After I became a Christian, the first verse that I memorized was from the Navigator Topical Memory System (TMS) and for me it was absolutely true:
“Therefore, if any man be in Christ, he is a new creature: old things are passed away; behold all things are become new!” (KJV).
The believer in Christ is changed. He realizes that his motto in the Christian life could easily be patterned after the words of John the Baptist when he states, “He must increase, but I must decrease” (John 3:30). The disciple of Christ wants to become more like Christ and less like self. Through the use of the means of grace (Scripture, prayer, the sacraments, worship and fellowship, etc.), he finds that his old life is no longer personally appealing and only a life that is conforming to Christ-likeness will satisfy. Of course, growth in the fruit of the Spirit and dying to the deeds of the flesh are true indicators of becoming more and more like Christ (Galatians 5:16-25).

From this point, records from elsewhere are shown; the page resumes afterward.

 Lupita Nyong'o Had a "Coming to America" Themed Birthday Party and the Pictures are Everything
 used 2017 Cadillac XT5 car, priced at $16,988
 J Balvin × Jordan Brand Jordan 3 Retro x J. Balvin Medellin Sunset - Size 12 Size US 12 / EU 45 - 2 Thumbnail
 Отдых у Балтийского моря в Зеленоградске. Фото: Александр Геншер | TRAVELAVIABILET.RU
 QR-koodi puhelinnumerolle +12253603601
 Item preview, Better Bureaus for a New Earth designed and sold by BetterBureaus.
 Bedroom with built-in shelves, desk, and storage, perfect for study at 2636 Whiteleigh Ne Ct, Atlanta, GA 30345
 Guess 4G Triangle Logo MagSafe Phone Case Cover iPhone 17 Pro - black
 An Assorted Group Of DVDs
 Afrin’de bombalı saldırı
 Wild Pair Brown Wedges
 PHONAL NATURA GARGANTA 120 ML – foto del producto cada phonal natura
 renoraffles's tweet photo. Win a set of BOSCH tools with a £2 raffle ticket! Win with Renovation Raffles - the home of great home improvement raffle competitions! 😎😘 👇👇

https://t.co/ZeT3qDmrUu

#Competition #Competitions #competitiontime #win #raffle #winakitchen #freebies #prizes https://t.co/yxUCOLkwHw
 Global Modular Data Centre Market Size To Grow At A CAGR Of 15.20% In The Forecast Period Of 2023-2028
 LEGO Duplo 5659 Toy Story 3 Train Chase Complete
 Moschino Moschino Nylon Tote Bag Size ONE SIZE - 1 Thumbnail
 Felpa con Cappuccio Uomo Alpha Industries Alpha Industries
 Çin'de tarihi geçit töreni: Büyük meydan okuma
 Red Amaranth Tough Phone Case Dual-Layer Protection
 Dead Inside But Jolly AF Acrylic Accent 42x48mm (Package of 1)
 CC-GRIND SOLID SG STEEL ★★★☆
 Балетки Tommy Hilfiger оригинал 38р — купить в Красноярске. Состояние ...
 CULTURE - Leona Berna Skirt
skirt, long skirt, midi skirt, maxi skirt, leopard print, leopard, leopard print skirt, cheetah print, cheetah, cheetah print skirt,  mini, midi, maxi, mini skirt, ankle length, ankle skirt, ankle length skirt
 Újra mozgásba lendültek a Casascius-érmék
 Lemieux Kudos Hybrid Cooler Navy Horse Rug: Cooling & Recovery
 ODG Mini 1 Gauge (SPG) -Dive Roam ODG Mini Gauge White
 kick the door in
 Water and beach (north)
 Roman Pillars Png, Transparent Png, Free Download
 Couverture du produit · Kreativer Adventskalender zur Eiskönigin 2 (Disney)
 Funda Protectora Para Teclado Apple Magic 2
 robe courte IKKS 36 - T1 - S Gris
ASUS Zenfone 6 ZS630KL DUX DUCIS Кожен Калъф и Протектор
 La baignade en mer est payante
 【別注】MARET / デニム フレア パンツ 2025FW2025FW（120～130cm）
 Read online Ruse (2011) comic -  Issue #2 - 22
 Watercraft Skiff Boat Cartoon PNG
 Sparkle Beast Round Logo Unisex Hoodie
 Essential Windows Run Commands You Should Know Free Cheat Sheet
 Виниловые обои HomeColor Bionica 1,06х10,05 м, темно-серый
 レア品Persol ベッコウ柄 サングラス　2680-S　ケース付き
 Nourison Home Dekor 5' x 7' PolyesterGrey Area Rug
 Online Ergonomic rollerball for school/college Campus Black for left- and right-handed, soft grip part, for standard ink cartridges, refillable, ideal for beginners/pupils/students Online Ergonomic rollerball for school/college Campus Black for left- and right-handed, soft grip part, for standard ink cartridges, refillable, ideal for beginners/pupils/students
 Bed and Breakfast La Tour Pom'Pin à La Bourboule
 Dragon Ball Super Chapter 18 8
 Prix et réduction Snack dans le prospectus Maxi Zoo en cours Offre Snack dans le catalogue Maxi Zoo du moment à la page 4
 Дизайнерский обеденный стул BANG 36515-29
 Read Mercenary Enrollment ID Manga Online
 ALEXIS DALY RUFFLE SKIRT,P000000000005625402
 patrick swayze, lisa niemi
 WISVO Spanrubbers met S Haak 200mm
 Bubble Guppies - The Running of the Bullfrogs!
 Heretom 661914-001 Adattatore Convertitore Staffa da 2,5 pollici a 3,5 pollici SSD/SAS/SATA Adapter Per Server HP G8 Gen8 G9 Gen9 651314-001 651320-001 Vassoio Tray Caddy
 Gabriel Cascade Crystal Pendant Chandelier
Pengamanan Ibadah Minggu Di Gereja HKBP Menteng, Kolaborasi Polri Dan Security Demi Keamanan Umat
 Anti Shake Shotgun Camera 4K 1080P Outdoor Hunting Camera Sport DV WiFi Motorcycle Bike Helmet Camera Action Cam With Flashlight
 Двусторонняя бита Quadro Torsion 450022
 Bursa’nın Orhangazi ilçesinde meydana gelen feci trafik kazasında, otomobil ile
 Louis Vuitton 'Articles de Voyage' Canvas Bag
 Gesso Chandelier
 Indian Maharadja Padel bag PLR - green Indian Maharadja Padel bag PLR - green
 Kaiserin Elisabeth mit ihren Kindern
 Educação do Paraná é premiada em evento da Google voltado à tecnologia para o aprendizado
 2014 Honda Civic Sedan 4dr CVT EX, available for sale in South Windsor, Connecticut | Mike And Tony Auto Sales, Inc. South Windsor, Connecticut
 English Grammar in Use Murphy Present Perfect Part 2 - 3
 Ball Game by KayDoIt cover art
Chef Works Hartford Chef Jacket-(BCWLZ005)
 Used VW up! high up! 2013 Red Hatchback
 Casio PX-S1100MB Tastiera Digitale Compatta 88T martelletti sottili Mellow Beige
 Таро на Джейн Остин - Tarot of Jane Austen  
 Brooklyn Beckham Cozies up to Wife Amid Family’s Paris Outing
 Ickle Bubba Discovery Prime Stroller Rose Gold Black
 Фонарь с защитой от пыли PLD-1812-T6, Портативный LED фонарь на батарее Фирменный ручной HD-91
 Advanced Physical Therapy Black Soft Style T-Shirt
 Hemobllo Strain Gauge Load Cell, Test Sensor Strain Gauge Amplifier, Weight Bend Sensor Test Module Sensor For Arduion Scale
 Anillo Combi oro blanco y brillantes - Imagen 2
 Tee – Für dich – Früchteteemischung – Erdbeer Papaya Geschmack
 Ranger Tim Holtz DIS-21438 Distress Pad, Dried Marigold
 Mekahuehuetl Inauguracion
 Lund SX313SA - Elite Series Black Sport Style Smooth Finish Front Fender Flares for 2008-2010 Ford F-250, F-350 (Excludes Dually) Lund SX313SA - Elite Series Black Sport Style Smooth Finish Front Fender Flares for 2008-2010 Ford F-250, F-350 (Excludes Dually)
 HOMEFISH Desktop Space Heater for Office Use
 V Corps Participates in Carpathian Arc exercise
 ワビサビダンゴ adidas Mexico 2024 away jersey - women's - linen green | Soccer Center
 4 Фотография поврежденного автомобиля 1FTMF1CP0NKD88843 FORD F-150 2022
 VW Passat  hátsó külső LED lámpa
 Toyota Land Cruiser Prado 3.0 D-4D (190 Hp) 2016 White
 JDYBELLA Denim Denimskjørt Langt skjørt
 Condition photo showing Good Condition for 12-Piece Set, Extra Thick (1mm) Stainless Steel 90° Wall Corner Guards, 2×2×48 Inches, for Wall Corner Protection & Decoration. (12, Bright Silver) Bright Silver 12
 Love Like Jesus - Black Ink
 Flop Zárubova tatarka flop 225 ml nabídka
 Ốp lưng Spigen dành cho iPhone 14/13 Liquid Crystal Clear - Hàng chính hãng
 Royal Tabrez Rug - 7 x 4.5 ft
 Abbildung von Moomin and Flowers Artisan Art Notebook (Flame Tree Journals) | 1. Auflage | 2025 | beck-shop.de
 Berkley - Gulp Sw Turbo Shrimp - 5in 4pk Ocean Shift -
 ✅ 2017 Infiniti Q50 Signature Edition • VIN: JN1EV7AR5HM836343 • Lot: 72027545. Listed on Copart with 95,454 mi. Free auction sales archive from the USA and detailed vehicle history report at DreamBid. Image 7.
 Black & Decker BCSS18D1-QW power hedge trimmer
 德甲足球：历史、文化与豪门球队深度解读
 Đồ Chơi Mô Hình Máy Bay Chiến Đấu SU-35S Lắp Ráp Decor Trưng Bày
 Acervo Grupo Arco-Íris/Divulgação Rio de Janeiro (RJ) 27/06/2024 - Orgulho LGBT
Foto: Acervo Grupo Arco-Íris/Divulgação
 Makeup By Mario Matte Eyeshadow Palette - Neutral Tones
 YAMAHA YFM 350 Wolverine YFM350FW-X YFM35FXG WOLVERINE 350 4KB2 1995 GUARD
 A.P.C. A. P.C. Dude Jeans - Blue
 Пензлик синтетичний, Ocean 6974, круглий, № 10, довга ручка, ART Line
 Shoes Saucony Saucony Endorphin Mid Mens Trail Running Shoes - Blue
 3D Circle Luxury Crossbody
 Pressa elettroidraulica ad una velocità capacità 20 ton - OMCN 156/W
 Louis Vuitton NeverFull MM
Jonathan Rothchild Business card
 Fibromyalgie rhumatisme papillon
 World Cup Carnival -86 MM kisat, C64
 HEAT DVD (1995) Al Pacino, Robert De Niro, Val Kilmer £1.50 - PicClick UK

“By this my Father is glorified, that you bear much fruit and so prove to be my disciples” (John 15:8).
Often this growth in Christ-likeness occurs in more obvious fashion during the time just after one becomes a Christian; deeper Christ-likeness is shaped and formed over the long haul, as God uses events, circumstances, others and even suffering to purify the dross and make His children more like gold (Psalm 66:10; Isaiah 48:9-11).
Each disciple of Christ willingly asks the question of himself, “Am I becoming more and more like Jesus in my attitudes, actions, choices and lifestyle?”